Due to the family’s shock, surprise and confusion, Mama wants to call the police.  Big Mama asks, “WHAT FOR?  Don’t you pick up that phone!?!”  Not exactly knowing where the material presents came from, Big Mama explains to Mama (her daughter) that this is the will of God and that “This is God’s gift to us.  Haven’t you heard of miracles?”  But the mystery causes some type of undue stress and Big Mama eats the Ex-Lax like its candy.


We break for intermission and as we went out to the lobby of the Ensemble Theatre we were greeted with the most delicious desserts.  Sweet savory confections such as walnut cakes, poppy seed cakes, blueberry cream cakes and double chocolate cakes already pre-sliced.  My friends had a plate of fresh fruits such as sweet strawberries and grapes served with a blueberry yogurt dip.  They expressed that when you coat the fruits and top them with the creamy yogurt dip, the taste is simply divine.  Fancy sterling silverware with the most intricate Victorian design was served with the delicious pastries.  For beverages, we drank either white or red wine and assorted juices.  Or if you were my friend Judy Githae you would have had the Coke-wine which is Coke mixed with Chardonnay. 
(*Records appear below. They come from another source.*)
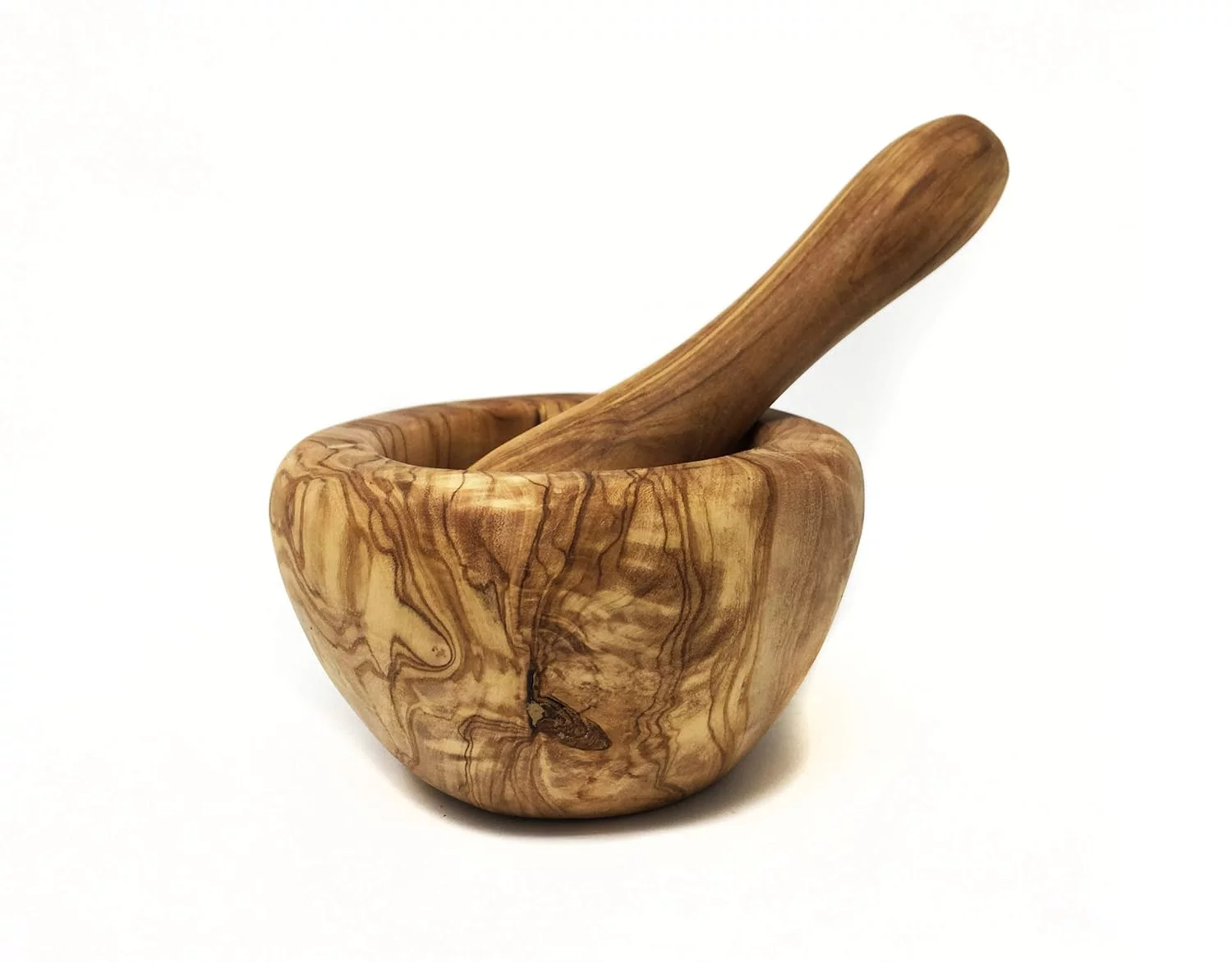 Mortar And Pestle Olive Wood, Tunisian Handicrafts Grinder Set For Kitchen Crush Spices - Garlic Smasher - Dimension: 5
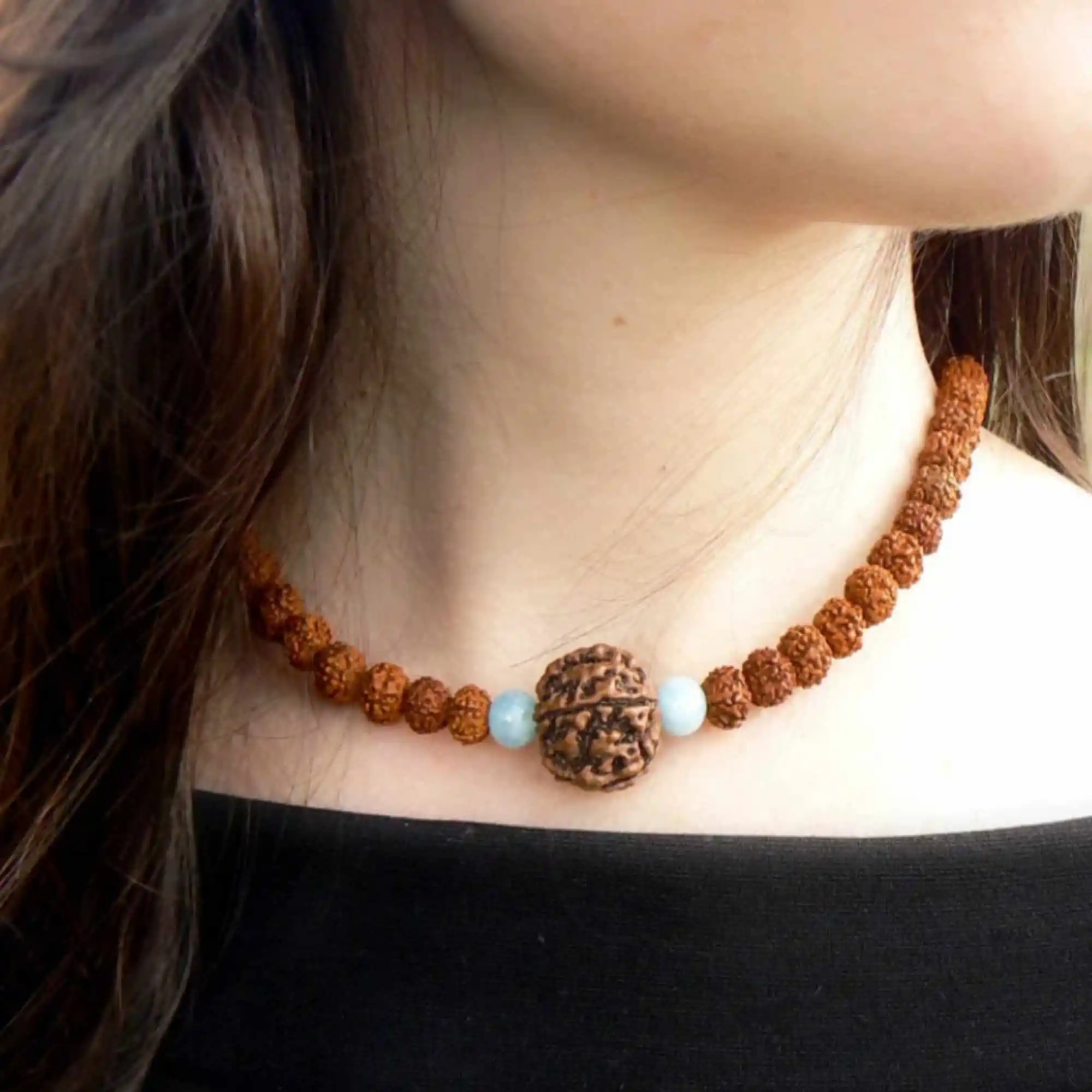 Fashion brown round Nepali Rudraksha Aquamarine Pendant Christmas Bless Mental Elegant Relief Fancy Cuff All Saints' Day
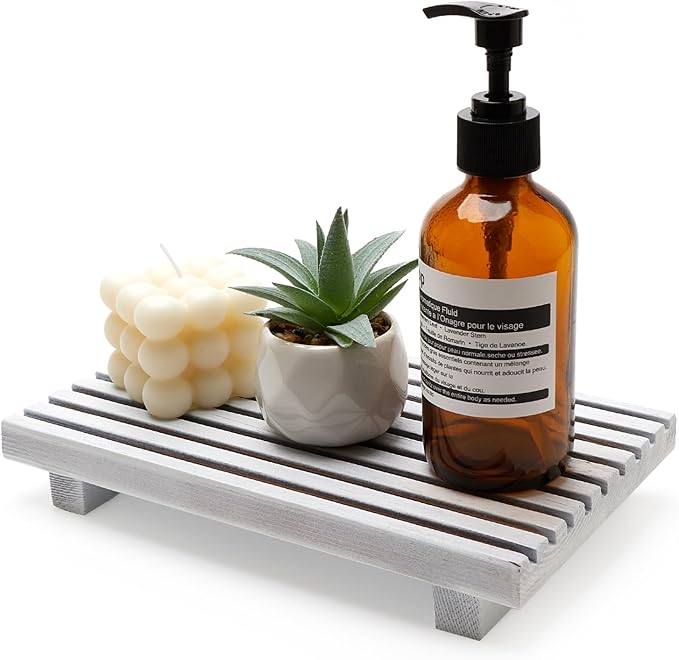 Renawe Wood Pedestal Stand for Bathroom Tray Kitchen Counter Decor Bathroom Sink Accessories Decorative Wooden Risers for Kitchen Soap Tray Vanity White Bathroom Counter Decorations Dish Soap Holder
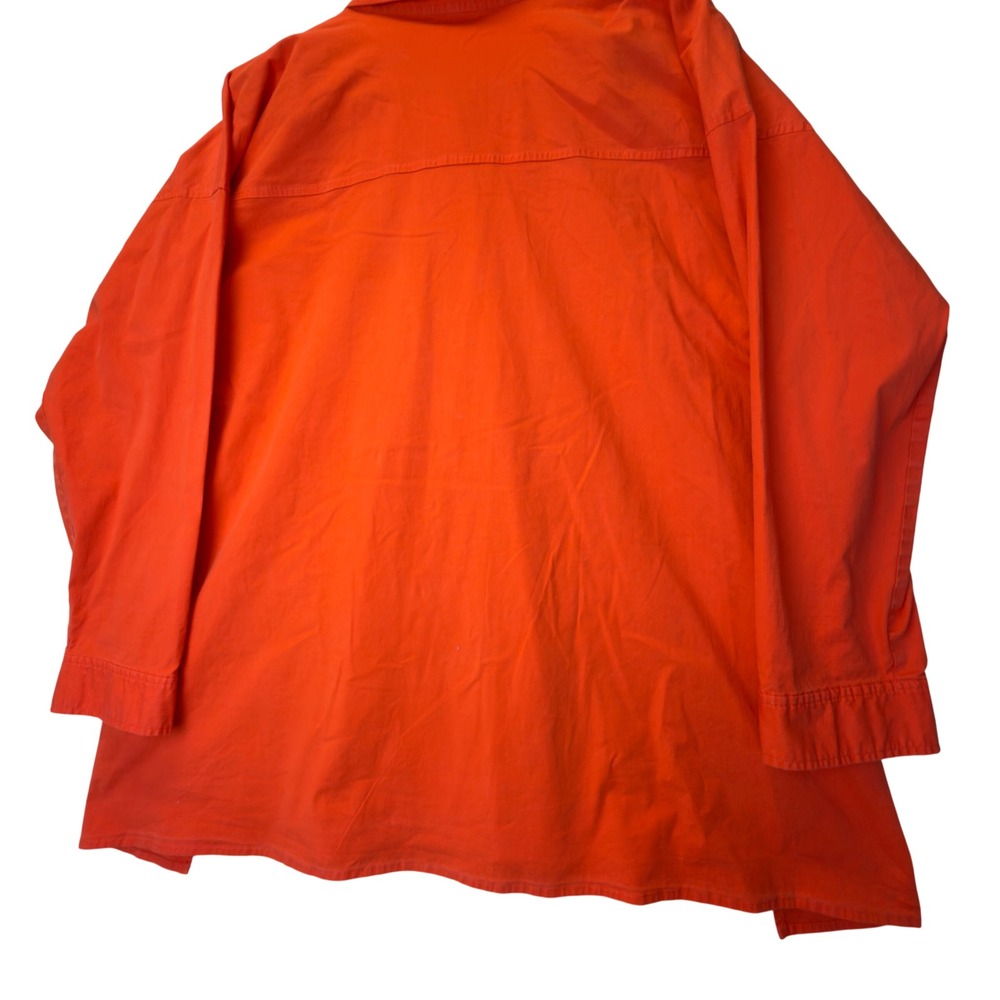 Eileen Fisher Women Orange Organic Cotton Stretch Button Down Shirt XL - Picture 5 of 7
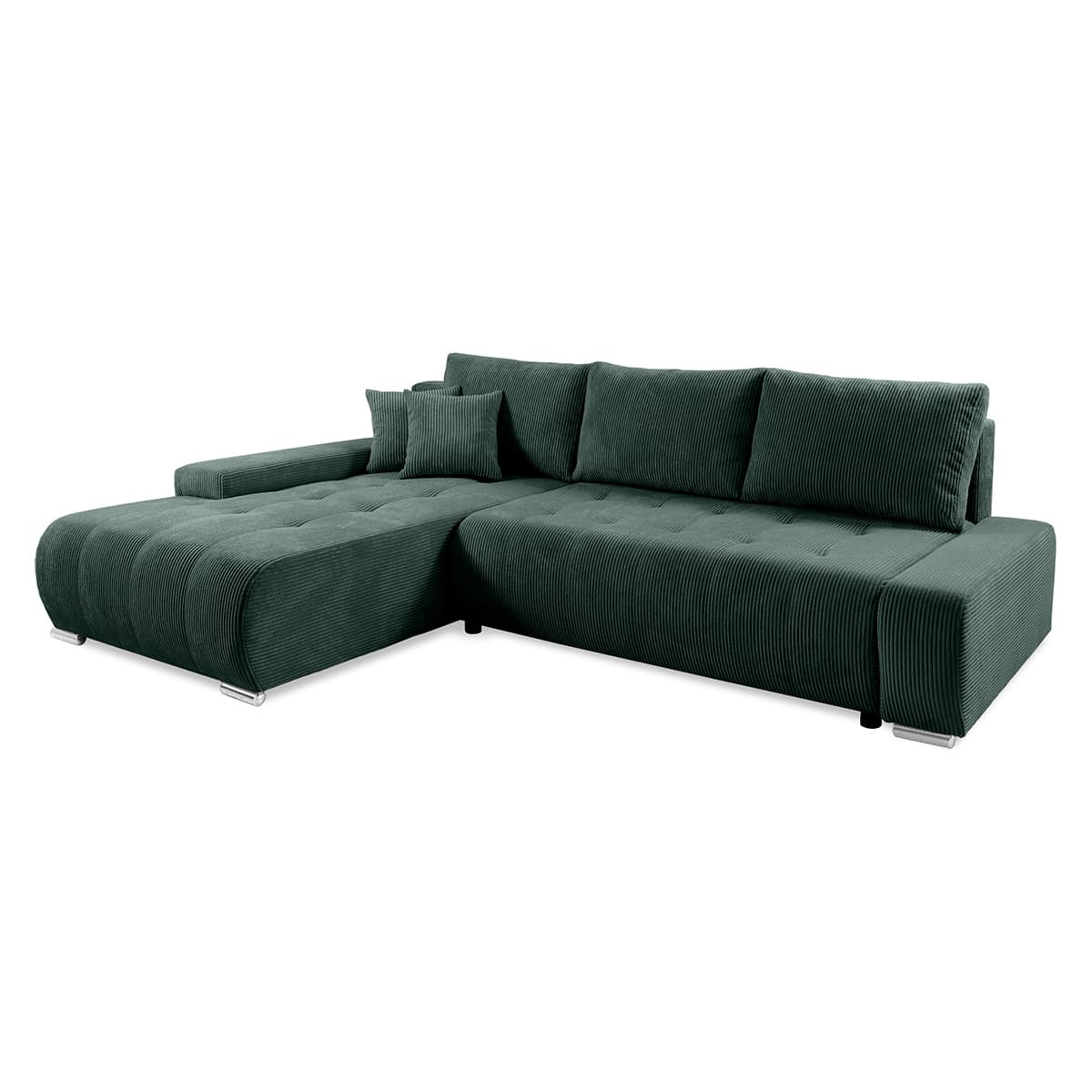 Canapé d'angle convertible gauche 4 places coffre Jonas velours côtelé Vert Sapin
The Ensemble Theatre’s Executive Director Janette L. Cosley approaches me and makes a comment about this ‘70s show.  She said that the young actors weren’t used to the rotary telephones in the day, a far cry from the multi-tasking cell phones they are used to today.  And don’t forget the fact that we had one land telephone line per household.  Jeeezzzz, those were the days, huh?  That was like before we had Caller ID and you didn't know who was calling when you picked up the phone.  Remember?


When we get back to the show after half-time, the Carter family accuses David Lee of the ultimate dirty deed, stealing.  “It’s too late!!!  Satan’s got his mind!”  David Lee tries to explain to everyone in his family, “I found it!  I just found it!”  Big Mama reasons to all the doubters that it’s “Finders keepers, losers weepers.”  The family’s reluctance to participate with this sudden new-found fortune due to their moral concerns definitely tests their scruples. 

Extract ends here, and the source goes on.